Candidate profile: Mhairi Threlfall

On 8 June the country will go to the polls again, this time to elect Members of Parliament. In the run up, we’re talking to the UNISON members who’ll have their names on the ballot paper in a few weeks time

In Kingswood, UWE employee, local councillor and UNISON member Mhairi Threlfall is standing for the Labour Party.  Kingswood, part of South Gloucestershire, is closely connected to Bristol’s economy and both are now covered by the same West of England mayor. But Kingswood has a strong identity of its own, with several big employers, including Rolls Royce, operating in the constituency.

Why are you running for Parliament?

“After four years standing up for my community as a Councillor, I wanted to take the next step and take the fight to Parliament. As a ward representative I see the impact of cuts to services and our unbalanced economy every day. Standing for Parliament is a chance to speak up about the damage being done to our communities and get a fair deal.”

What have you learned from being a UNISON member?

“I was young members officer for my branch at UWE and eventually served on the national young members forum. More than anything the experience has given me the confidence to stand up and challenge issues, and work creatively to solve them. UNISON sticks up for the people it represents and I want to do the same for people in Kingswood.”

What would you say to public service workers voting in this election?

“Public services have been decimated by this Government.
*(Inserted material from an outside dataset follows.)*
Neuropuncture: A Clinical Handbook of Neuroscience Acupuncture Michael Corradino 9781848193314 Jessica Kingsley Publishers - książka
I think a lot of public service workers are asking themselves “can we cope with five more years of this?”. Teams that used to have ten or fifteen people are down to just a handful and the service provided is getting stretched thin. There isn’t a public service left that isn’t facing some incredibly difficult choices if the funding situation doesn’t change in the next few years”

What do you think the key public service issues are in Kingswood?

“Cuts by the Tory government in local government funding, has resulted in cuts to local and front line services, everything from social care to the reduction of library services. Labour councillors fought to save and retain jobs at the Kingswood Civic centre, but the Tories are still looking to move jobs away to Yate. We need to protect these vital services and the staff that deliver them. I also want to ensure that local people have the skills they need in order to gain jobs with our big employers like Royal Mail and Rolls Royce.”

What issues are you particularly motivated by in politics?

“For me education is fundamental. I work for a university supporting social enterprises and small businesses so I see the ripple effect good education and career services can have all across the economy. But in Kingswood, schools will lose £5 million of funding, which is equivalent to 140 teachers, or 5 teachers per school. That will have a knock on effect further on in those kids’ education. If elected, I will fight to change that.”